**TASK PROMPT**.
Leave out the pictures and return every entry exactly as it appears.
*** DATA SUPPLIED ***
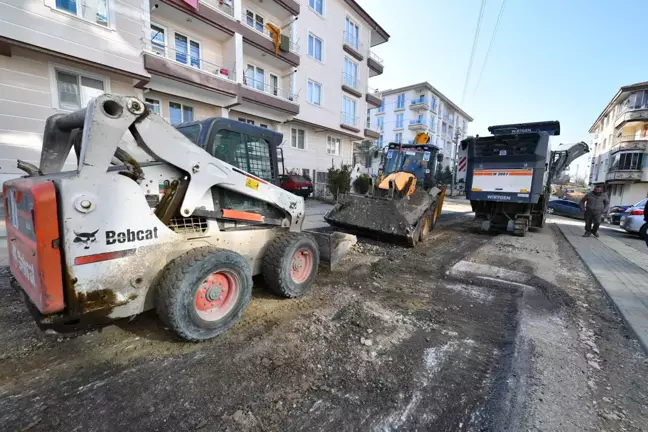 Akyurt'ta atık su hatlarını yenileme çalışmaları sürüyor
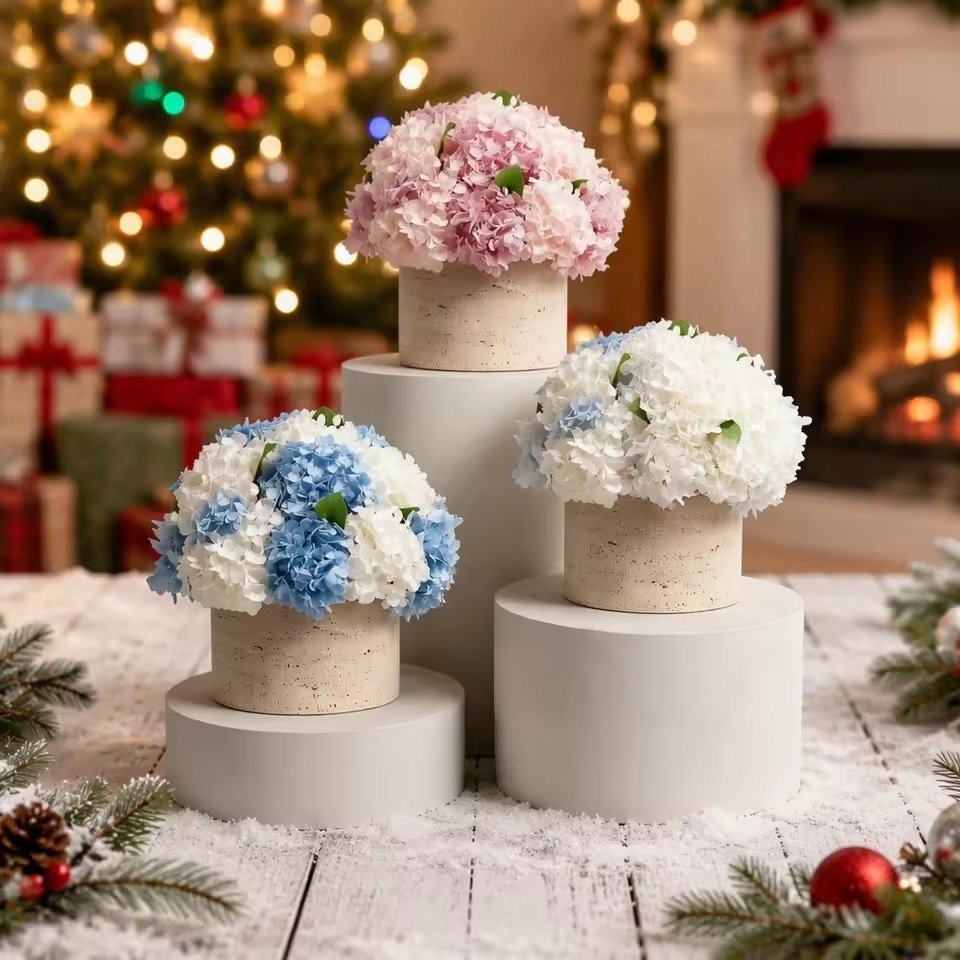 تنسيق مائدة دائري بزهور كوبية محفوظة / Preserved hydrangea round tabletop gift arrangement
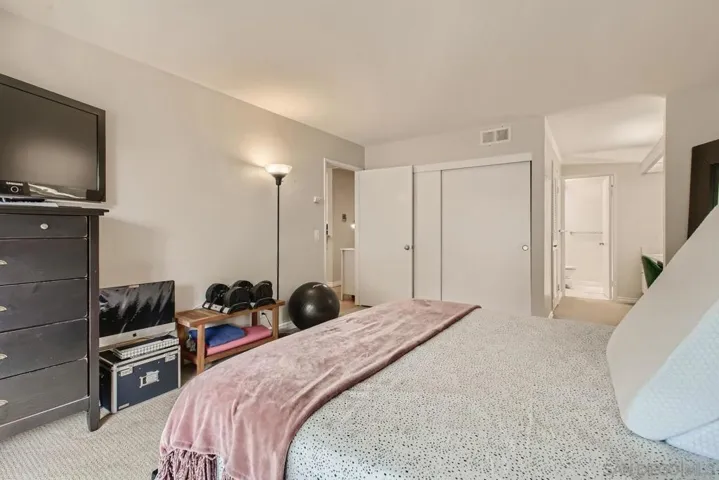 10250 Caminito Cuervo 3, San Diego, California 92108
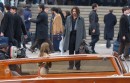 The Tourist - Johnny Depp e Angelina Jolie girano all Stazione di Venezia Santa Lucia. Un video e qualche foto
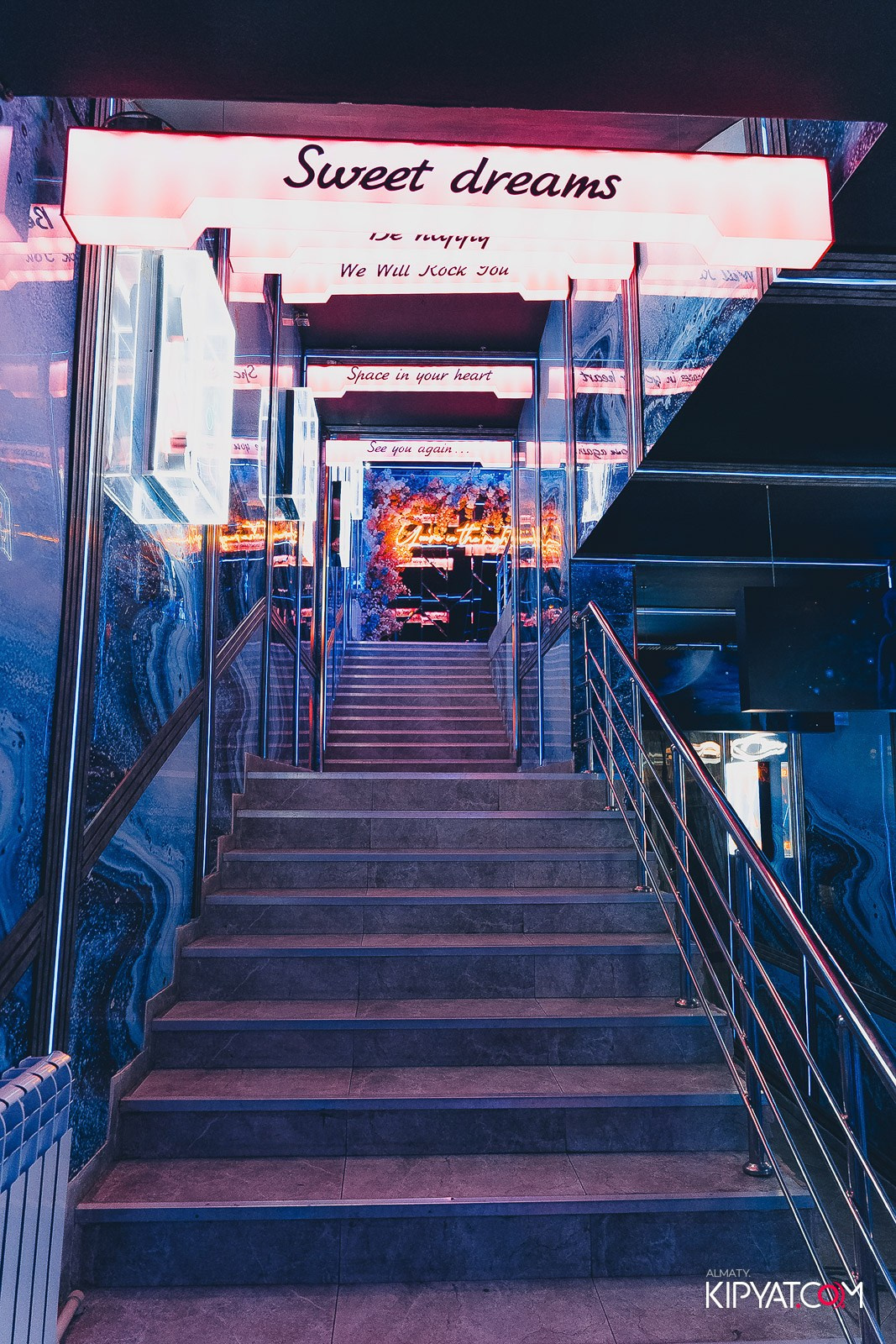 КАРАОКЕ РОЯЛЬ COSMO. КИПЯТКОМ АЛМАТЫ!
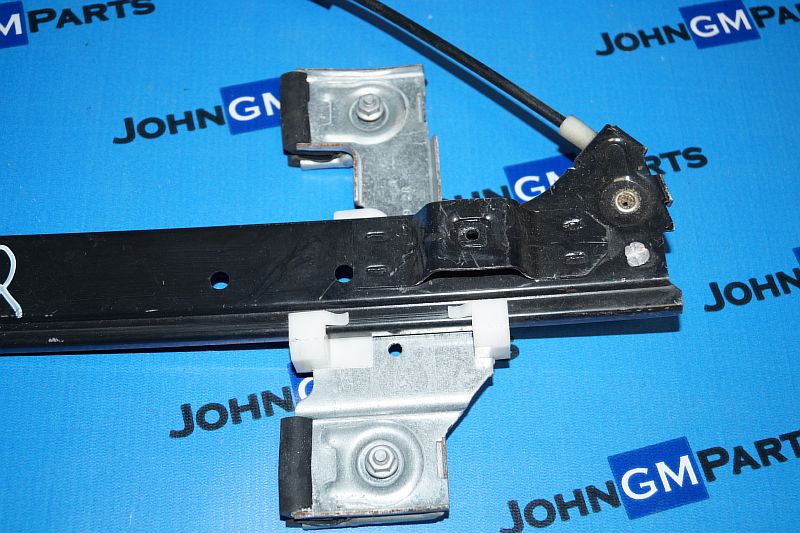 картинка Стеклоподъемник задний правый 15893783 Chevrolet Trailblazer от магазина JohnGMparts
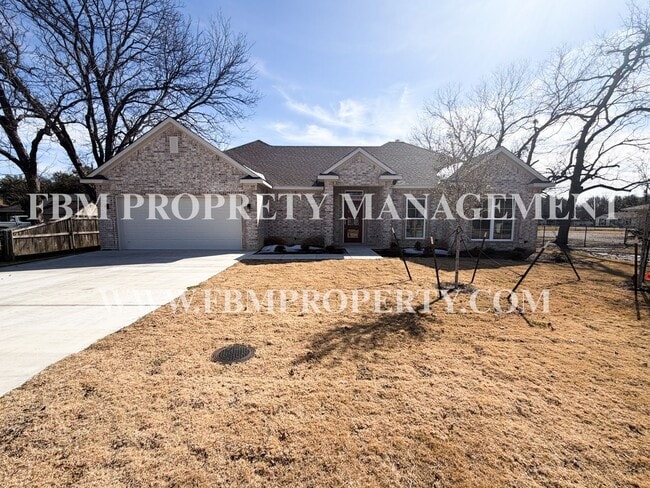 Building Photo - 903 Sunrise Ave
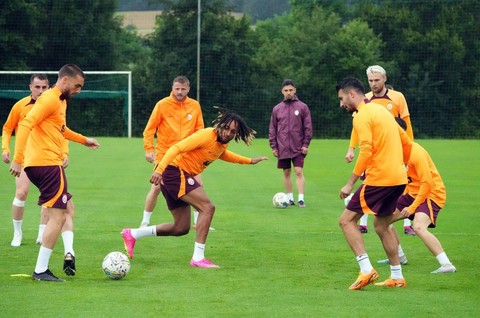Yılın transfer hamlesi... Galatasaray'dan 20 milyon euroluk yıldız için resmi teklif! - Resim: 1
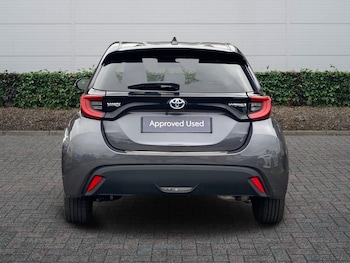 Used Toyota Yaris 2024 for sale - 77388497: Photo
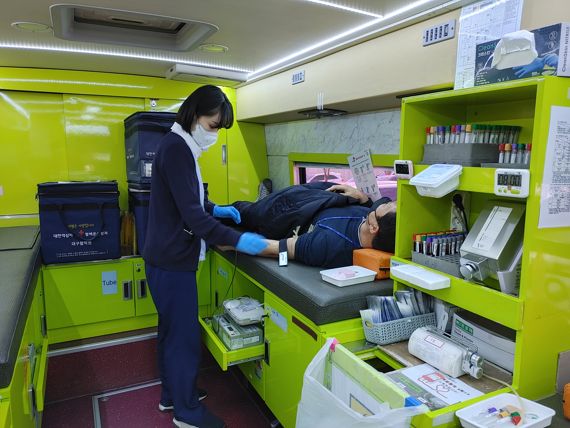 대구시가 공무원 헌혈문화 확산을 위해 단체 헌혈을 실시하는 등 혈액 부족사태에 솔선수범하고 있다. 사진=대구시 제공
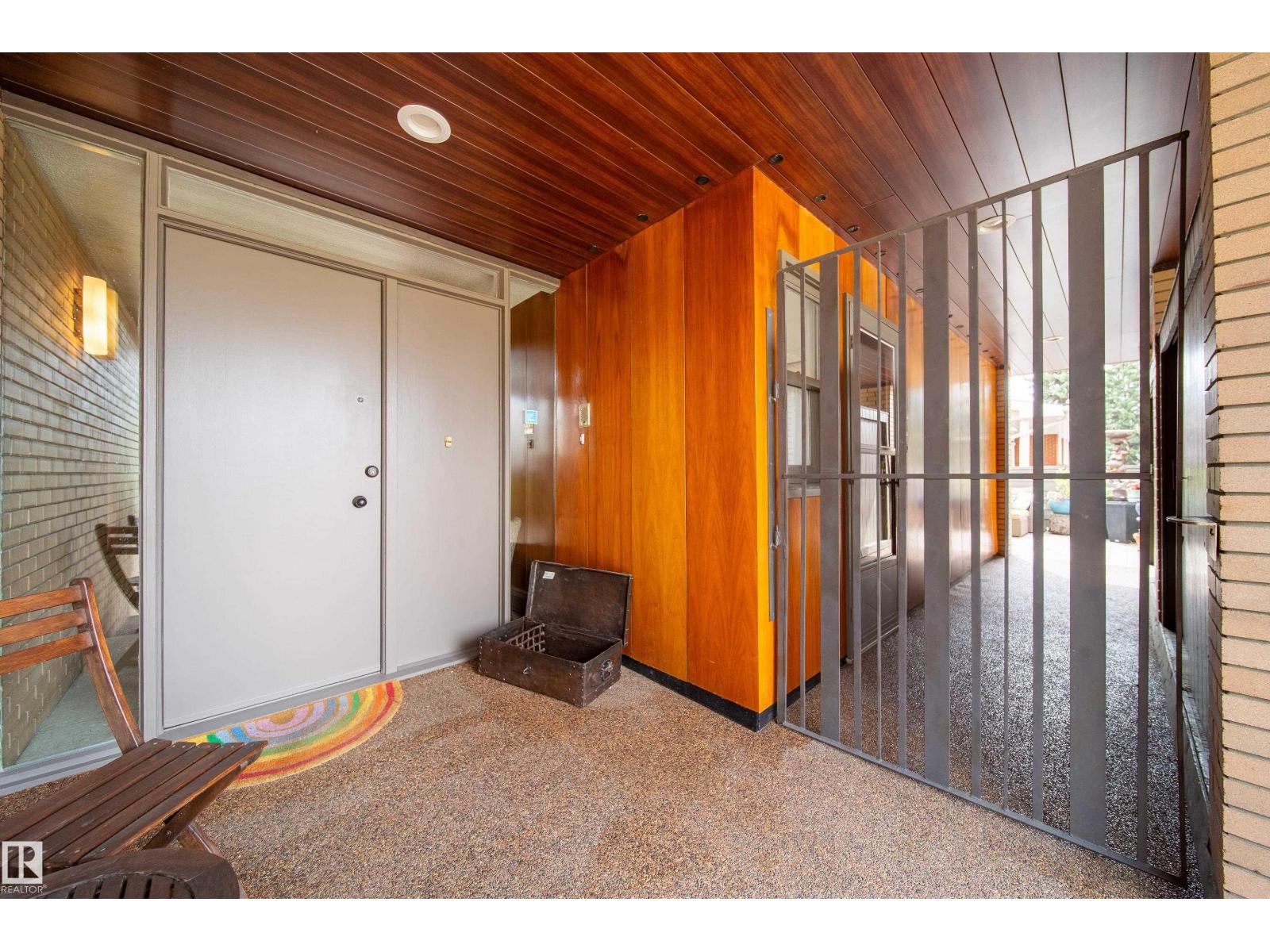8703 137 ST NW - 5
*** End of DATA SUPPLIED ***
**RESULT OF THE EXERCISE**.
 Akyurt'ta atık su hatlarını yenileme çalışmaları sürüyor
 تنسيق مائدة دائري بزهور كوبية محفوظة / Preserved hydrangea round tabletop gift arrangement
 10250 Caminito Cuervo 3, San Diego, California 92108
 The Tourist - Johnny Depp e Angelina Jolie girano all Stazione di Venezia Santa Lucia. Un video e qualche foto
 КАРАОКЕ РОЯЛЬ COSMO. КИПЯТКОМ АЛМАТЫ!
 картинка Стеклоподъемник задний правый 15893783 Chevrolet Trailblazer от магазина JohnGMparts
 Building Photo - 903 Sunrise Ave
Yılın transfer hamlesi... Galatasaray'dan 20 milyon euroluk yıldız için resmi teklif! - Resim: 1
 Used Toyota Yaris 2024 for sale - 77388497: Photo
 대구시가 공무원 헌혈문화 확산을 위해 단체 헌혈을 실시하는 등 혈액 부족사태에 솔선수범하고 있다. 사진=대구시 제공
8703 137 ST NW - 5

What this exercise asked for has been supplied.